** EXERCISE OBJECTIVE **
Set down the final stretch of the data, from the line that holds "Kadın Beyaz %100" through the last line, both included, with pictures left out.

** SUPPLIED INFORMATION **
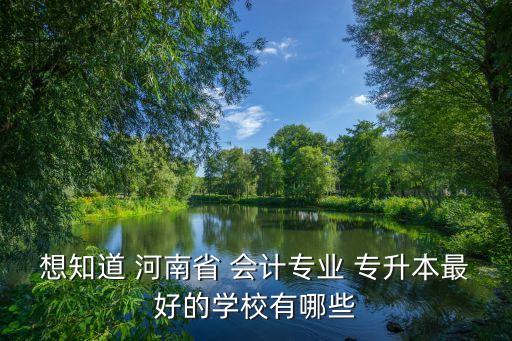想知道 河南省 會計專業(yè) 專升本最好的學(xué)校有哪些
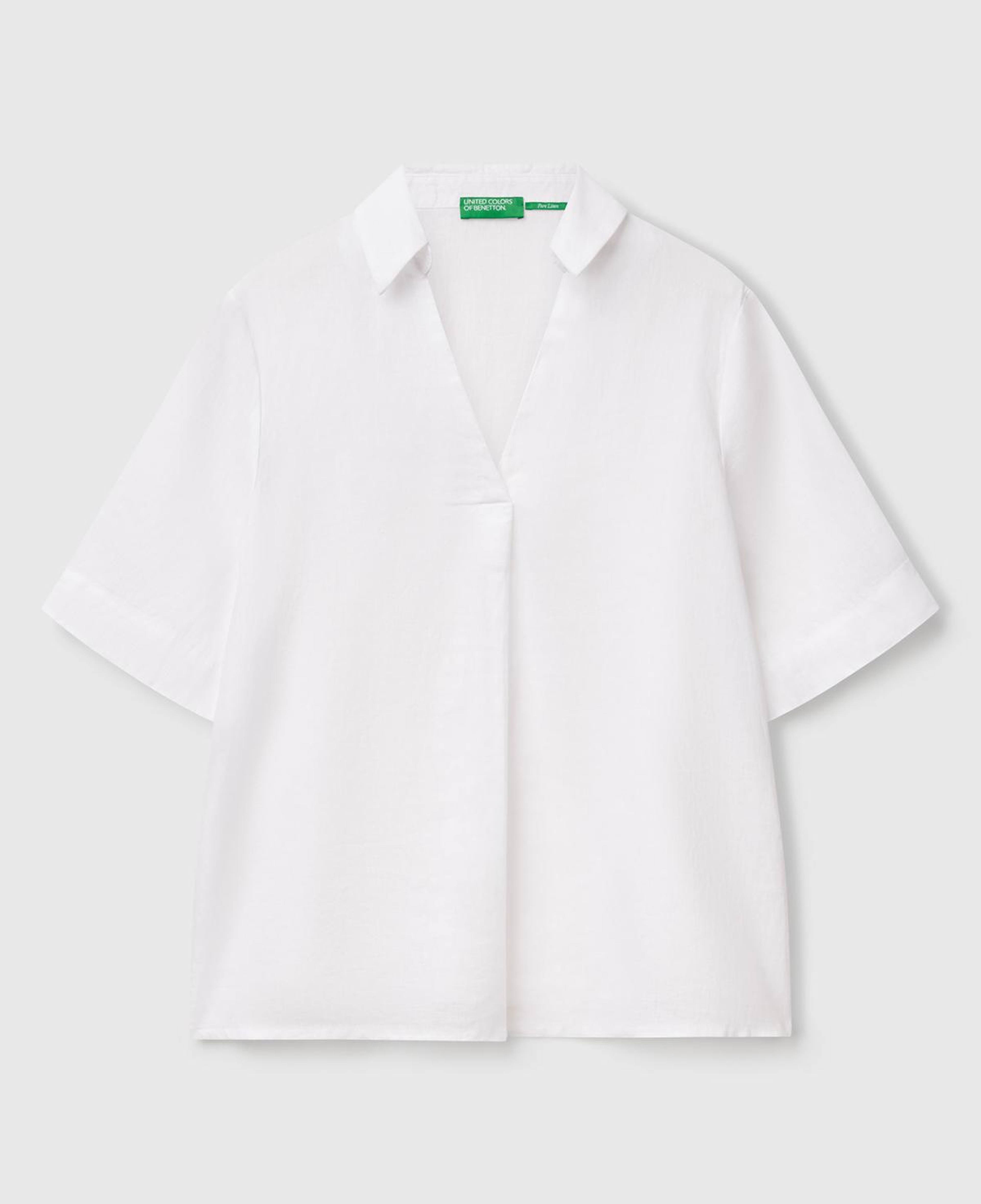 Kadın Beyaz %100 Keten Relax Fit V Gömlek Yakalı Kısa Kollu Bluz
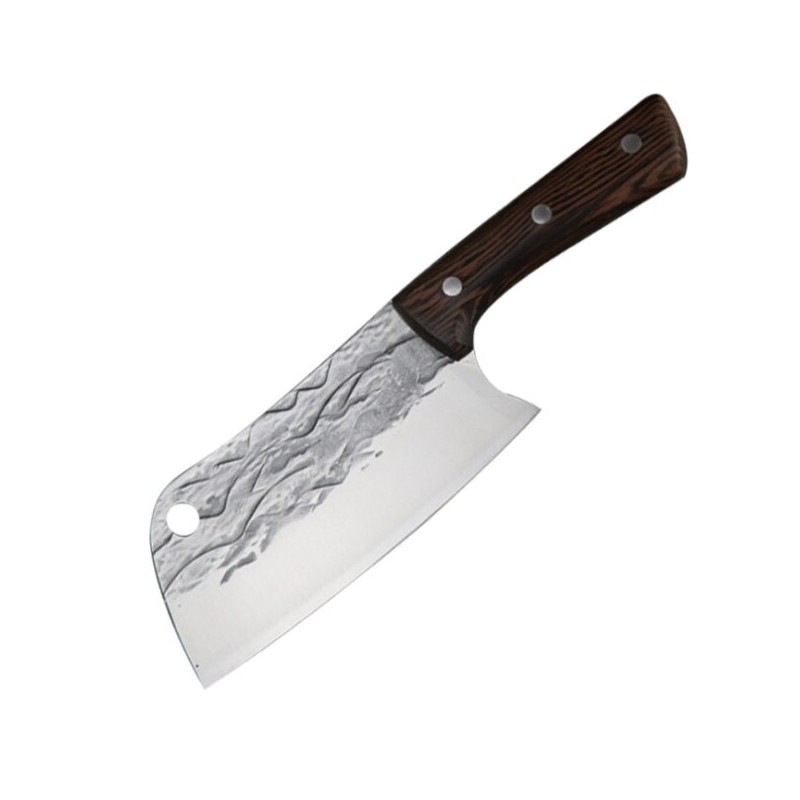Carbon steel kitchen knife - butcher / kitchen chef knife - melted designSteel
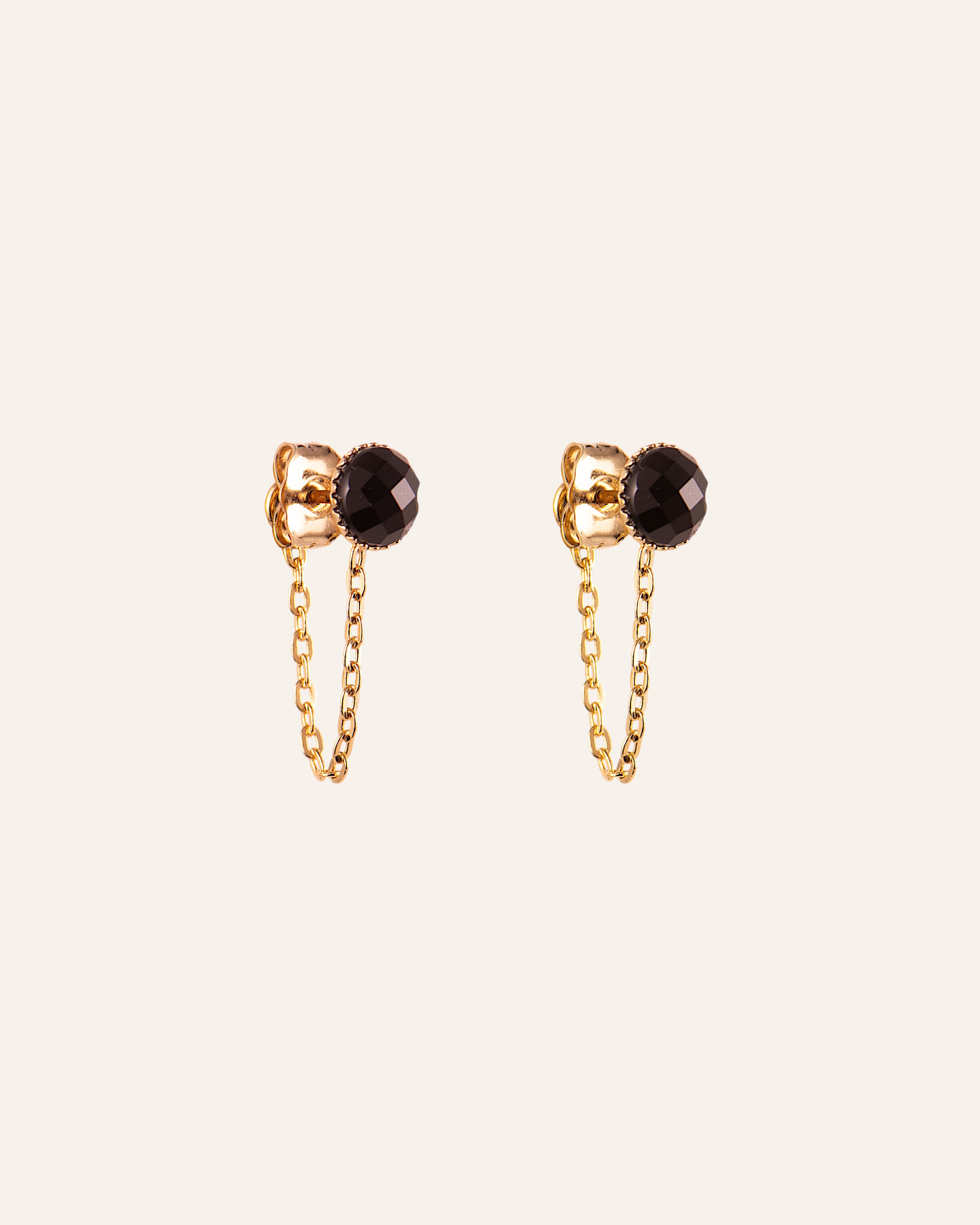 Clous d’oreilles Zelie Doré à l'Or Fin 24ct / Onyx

** ANSWER BELOW **
 Kadın Beyaz %100 Keten Relax Fit V Gömlek Yakalı Kısa Kollu Bluz
Carbon steel kitchen knife - butcher / kitchen chef knife - melted designSteel
 Clous d’oreilles Zelie Doré à l'Or Fin 24ct / Onyx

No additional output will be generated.